[INPUT]

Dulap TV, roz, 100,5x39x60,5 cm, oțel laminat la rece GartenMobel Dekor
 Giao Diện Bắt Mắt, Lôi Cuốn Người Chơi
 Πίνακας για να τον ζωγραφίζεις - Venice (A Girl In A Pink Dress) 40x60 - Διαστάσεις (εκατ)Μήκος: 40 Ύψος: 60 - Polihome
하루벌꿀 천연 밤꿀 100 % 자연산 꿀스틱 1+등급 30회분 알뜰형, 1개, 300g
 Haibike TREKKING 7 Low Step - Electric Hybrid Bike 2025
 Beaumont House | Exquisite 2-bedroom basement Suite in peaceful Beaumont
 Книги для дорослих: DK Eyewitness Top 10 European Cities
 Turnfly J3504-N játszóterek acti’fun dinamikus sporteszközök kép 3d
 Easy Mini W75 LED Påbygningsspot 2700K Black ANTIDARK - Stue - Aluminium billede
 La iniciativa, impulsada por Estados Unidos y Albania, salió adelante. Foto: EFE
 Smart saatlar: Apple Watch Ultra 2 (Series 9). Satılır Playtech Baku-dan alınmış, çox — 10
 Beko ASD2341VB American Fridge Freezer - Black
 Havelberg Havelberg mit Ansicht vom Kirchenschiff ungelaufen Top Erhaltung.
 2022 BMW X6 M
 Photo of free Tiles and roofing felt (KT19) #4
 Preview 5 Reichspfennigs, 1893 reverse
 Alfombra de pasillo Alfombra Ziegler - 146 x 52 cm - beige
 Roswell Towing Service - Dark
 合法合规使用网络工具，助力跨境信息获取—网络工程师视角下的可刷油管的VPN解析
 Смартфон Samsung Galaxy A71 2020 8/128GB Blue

[/INPUT]

BRIEF: Set down all of the entries again, keeping every line exactly as it is.

WRITTEN RESPONSE:
Dulap TV, roz, 100,5x39x60,5 cm, oțel laminat la rece GartenMobel Dekor
 Giao Diện Bắt Mắt, Lôi Cuốn Người Chơi
 Πίνακας για να τον ζωγραφίζεις - Venice (A Girl In A Pink Dress) 40x60 - Διαστάσεις (εκατ)Μήκος: 40 Ύψος: 60 - Polihome
하루벌꿀 천연 밤꿀 100 % 자연산 꿀스틱 1+등급 30회분 알뜰형, 1개, 300g
 Haibike TREKKING 7 Low Step - Electric Hybrid Bike 2025
 Beaumont House | Exquisite 2-bedroom basement Suite in peaceful Beaumont
 Книги для дорослих: DK Eyewitness Top 10 European Cities
 Turnfly J3504-N játszóterek acti’fun dinamikus sporteszközök kép 3d
 Easy Mini W75 LED Påbygningsspot 2700K Black ANTIDARK - Stue - Aluminium billede
 La iniciativa, impulsada por Estados Unidos y Albania, salió adelante. Foto: EFE
 Smart saatlar: Apple Watch Ultra 2 (Series 9). Satılır Playtech Baku-dan alınmış, çox — 10
 Beko ASD2341VB American Fridge Freezer - Black
 Havelberg Havelberg mit Ansicht vom Kirchenschiff ungelaufen Top Erhaltung.
 2022 BMW X6 M
 Photo of free Tiles and roofing felt (KT19) #4
 Preview 5 Reichspfennigs, 1893 reverse
 Alfombra de pasillo Alfombra Ziegler - 146 x 52 cm - beige
 Roswell Towing Service - Dark
 合法合规使用网络工具，助力跨境信息获取—网络工程师视角下的可刷油管的VPN解析
 Смартфон Samsung Galaxy A71 2020 8/128GB Blue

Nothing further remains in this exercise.